Effigy of Archbishop John Pecham of Canterbury, responsible as you will read for making all this stuff a live issue in England. Canterburycathedraljohnpeckhamtombeffigy” by EaldgythOwn work. Licensed under CC BY-SA 3.0 via Wikimedia Commons.

It was in fact with Lateran IV that Professor Swanson began, because one of the very many things with which that Council was concerned was the standard of care for people’s souls which the Church was administering. Lots of how-tos and instructions ensued and by 1281 this had even reached England, when a Canterbury council also considered what needed to be done in this sphere (under the presidency of the dead guy above). Now, as Professor Swanson had it, this has up till now mainly been studied in terms of what it meant for priests and others who held ministry in the Church, who were enjoined to all kinds of education, guidance and policing of vice, that is, in terms of the cure of souls, in the most medicinal sense of that metaphor. These days, however, we think of pastoral responsibilities as a much wider field of operations, more like social work, and Professor Swanson wanted to look at that sense in a medieval context; how much of that kind of ministering to people was there, and who was supposed to do it?

Werken van Barmhartigheid, Meester van Alkmaar (1504)
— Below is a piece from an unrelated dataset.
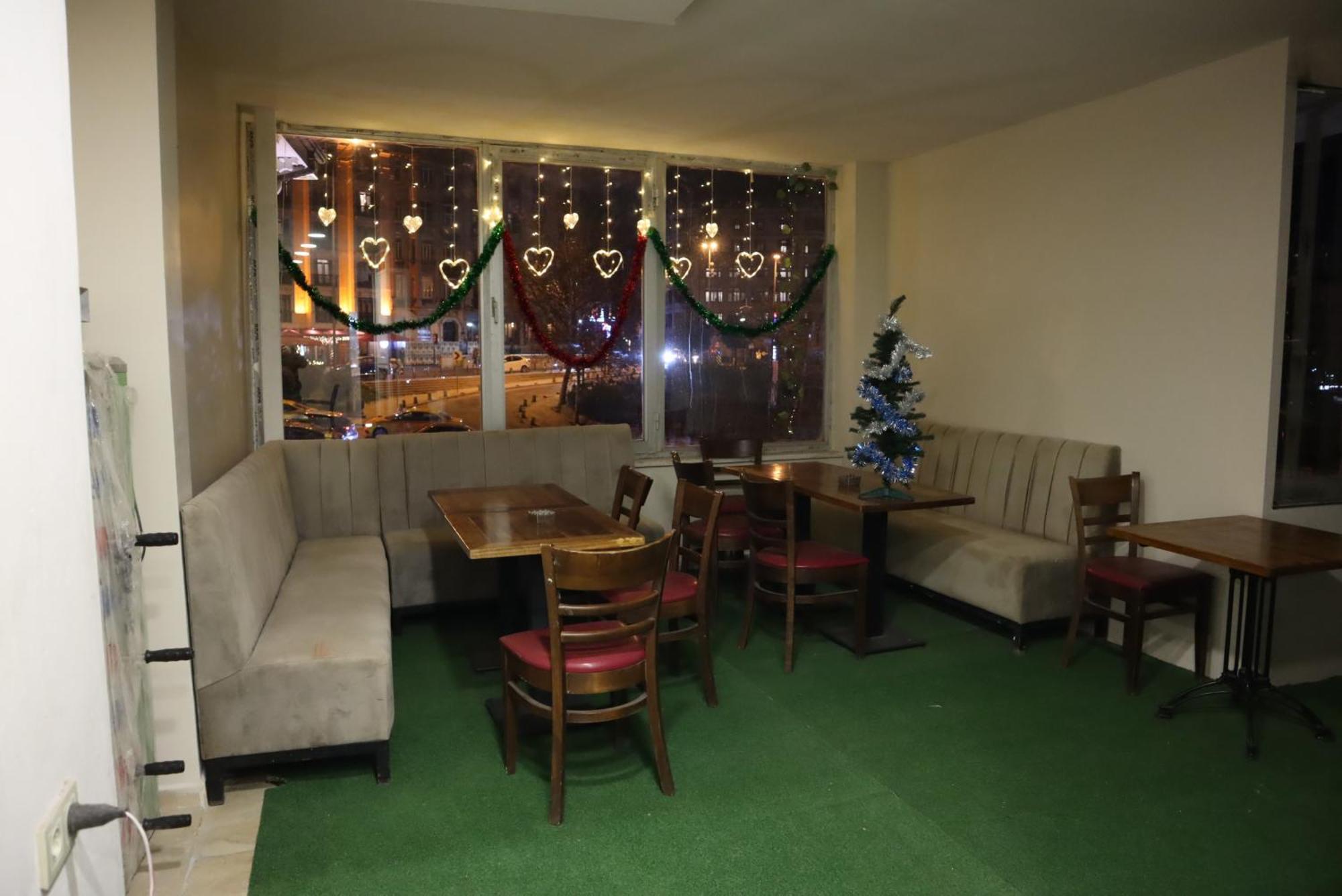 Galata Istanbul Hotel Zewnętrze zdjęcie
A 1504 Dutch painting of the Seven Acts of Corporal Mercy, “Werken van Barmhartigheid, Meester van Alkmaar (1504)” by Master of Alkmaar (fl. 1504) – http://www.geheugenvannederland.nl : Home : Info : Pic. Licensed under Public Domain via Wikimedia Commons.

This turned out to be quite easy for him to set up a framework for. There are already, in this mass of didactic literature, a whole variety of instructions for the layperson to live a suitably holy but active life, obviously including the Ten Commandments, the Lord’s Prayer, the Seven Deadly Sins and so on, and also a set of recommendations called the Seven Acts of Corporal Mercy, which could be broadly categorised as mutual assistance among neighbours and so forth. Now, they need the qualification as ‘corporal’ because there were also Seven Acts of Spiritual Mercy, rather less often discussed but nonetheless letting the laity through the gate somewhat, because of requiring one basically to watch out for the state of your neighbour’s soul, and warn them if they looked like endanngering it. Quite a lot of this sort of conduct can be found urged in sermons even without the Seven Acts mentioned, in fact, but in the more worked-out versions it was even considered pious behaviour to constrain such miscreants to stop them thus hurting their chances of Salvation, or even to denounce them to other authorities who might correct them, all for their own good of course. This could even be applied to the priesthood itself, who could be denounced to their archdeacon or bishop, mainly because of the danger to their congregation’s souls of course but also to their own, and at the very highest level it was in some sense the work of the king, who should bring his subjects to Heaven as far as possible, but also of every mother and father of a child who had to be taught to tell right from wrong, so a pretty all-encompassing theology once pieced together from these various expressions.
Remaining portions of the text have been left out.